To grow your MRR, it’s best to recall the four ways that MRR changes and focus on developing your pricing model to optimize each category. Here are a few simple ways to improve:

Reduce free plans

Free plans don’t count towards your MRR. Your goal should be to convert as many potential customers to paying subscribers as possible. Whenever possible, use a trial instead. Converting a trial to a paid subscription is usually easier than converting a free plan to a paid one.

Upsell or change your pricing model

If correctly implemented, add-ons and metered-billing are effective ways to upsell your existing customers. Building valuable tools on top of your core product makes it easy to add news plans to an existing subscription. Offering per-seat or per-usage billing means your revenue can grow with your customers.

Reduce involuntary churn

Stripe offers products like automatic card updates and Smart Retries to reduce the involuntary churn a normal business might encounter due to expired cards, lost cards, or various network failures. You can also email your customers after a payment failure using webhooks, or have Stripe do it on your behalf by enabling the payment failures options in the Settings dashboard.

Common scenarios and how they relate to MRR


You control how coupons impact your MRR in Stripe Billing. You can decide to subtract recurring discounts from MRR, subtract one-time discounts from MRR, or both. You can do this from the Billing overview page using the Configure button.


Billing does not consider taxes or application_fee to be revenue, so they will not count towards your Monthly Recurring Revenue (MRR).


Any subscription still in a trialing status does not count towards your Monthly Recurring Revenue (MRR), as the subscription is not active and there is no predictable revenue for that subscriber.

If a subscription transitions from trialing to active, the subscription will then count towards your MRR even if the first invoice is unpaid. Eventually, if the subscription is cancelled or marked unpaid, the subscription will no longer count towards your MRR and will also count towards your churn.


Once a subscription is unpaid rather than active, your MRR will decrease by the amount on the subscription. If you mark subscriptions as unpaid as your dunning final action, we consider a subscription delinquent at the time the following invoice is generated and automatically closed. For example, if you had your final payment attempt on the 8th but don’t bill until the 15th of the month, your subscription will be marked delinquent on the 15th.

Failed payments

A failed payment in itself will not affect a subscription’s MRR unless it is also the last retry amount, causing the subscription to go delinquent, i.e. transitioning to status=unpaid. See Delinquency above.

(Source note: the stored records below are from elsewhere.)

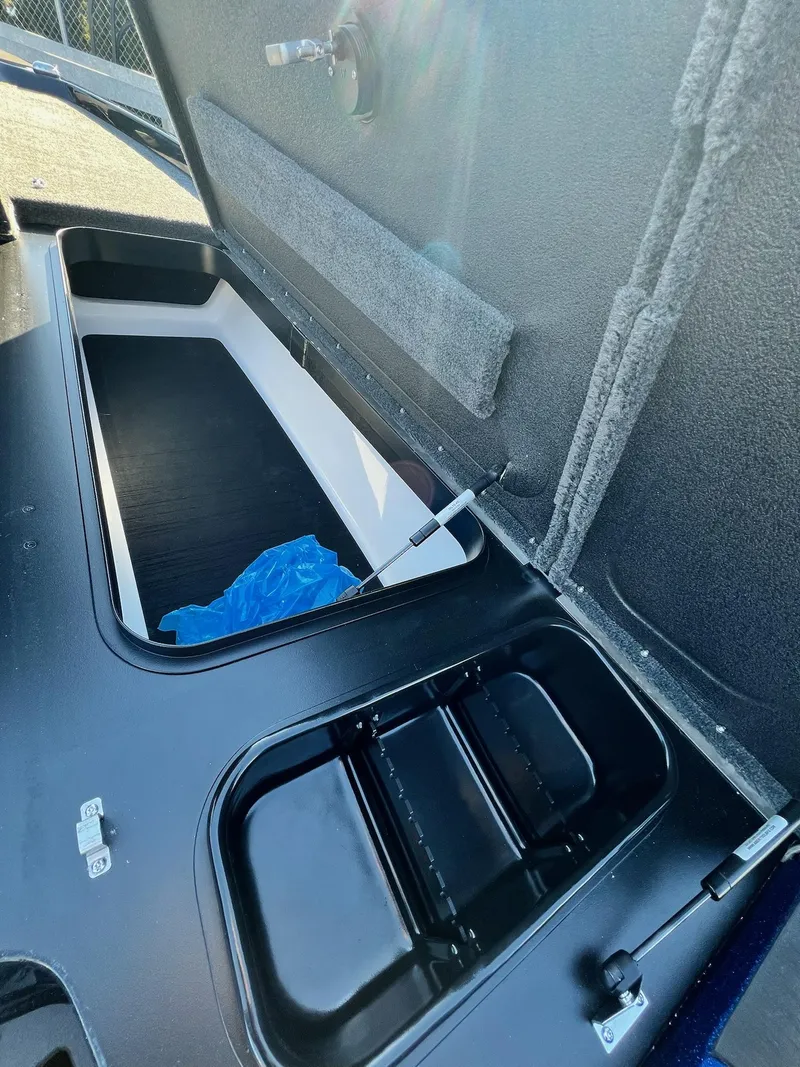 Slide: The Image of Open storage compartment in 2025 Skeeter ZXR 20 SE boat, showcasing interior details. - 15
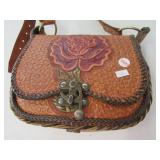 Tooled leather purse.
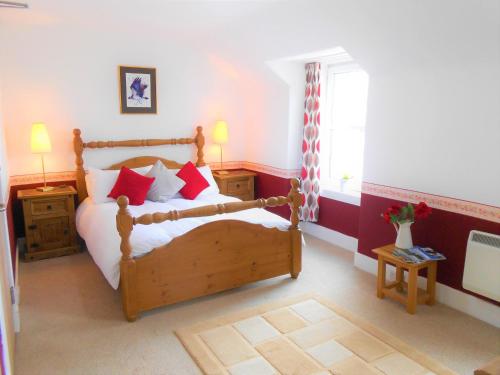 金尤西The Osprey Hotel的一间卧室配有一张带红色枕头的木床。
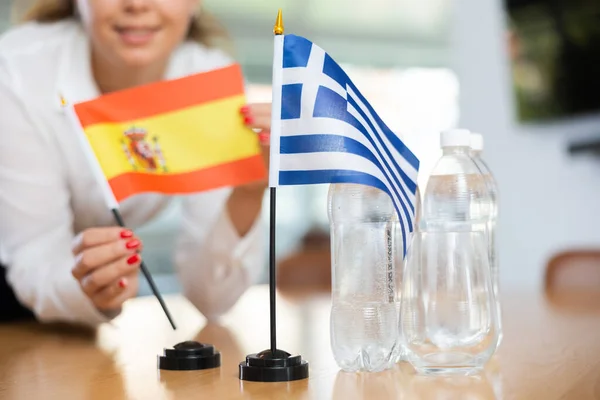 难以辨认的妇女为国际谈判和领导人之间的沟通讨论准备了空间 女士将希腊和西班牙国旗的缩影摆上桌 — 图库照片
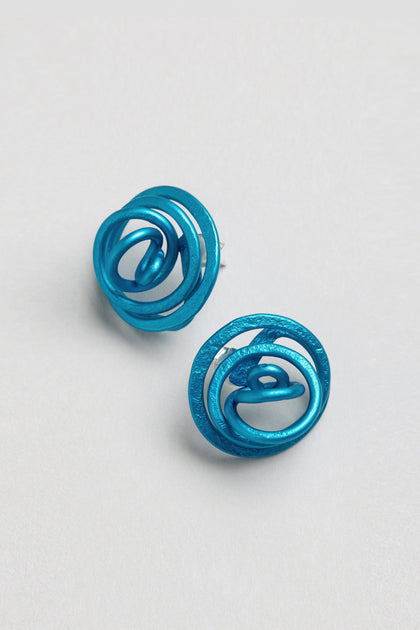 A pair of Mini Spiral Earrings in blue anodised aluminium, featuring circular shapes, abstract patterns, and a sculptural design, displayed on a plain light background.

Once a subscription is canceled, the subscription no longer counts towards your MRR. If you cancel a subscription using cancel_at_period_end, the subscription will no longer count towards your MRR after the time of the API call, not at the end of the period when the cancellation goes into effect.

Metered billing

Metered billing is not included in Monthly Recurring Revenue (MRR) calculations, as the revenue can fluctuate significantly and is not predictable.


One-off refunds, like one-off discounts, do not affect MRR unless it is due to a change in the Plan’s price.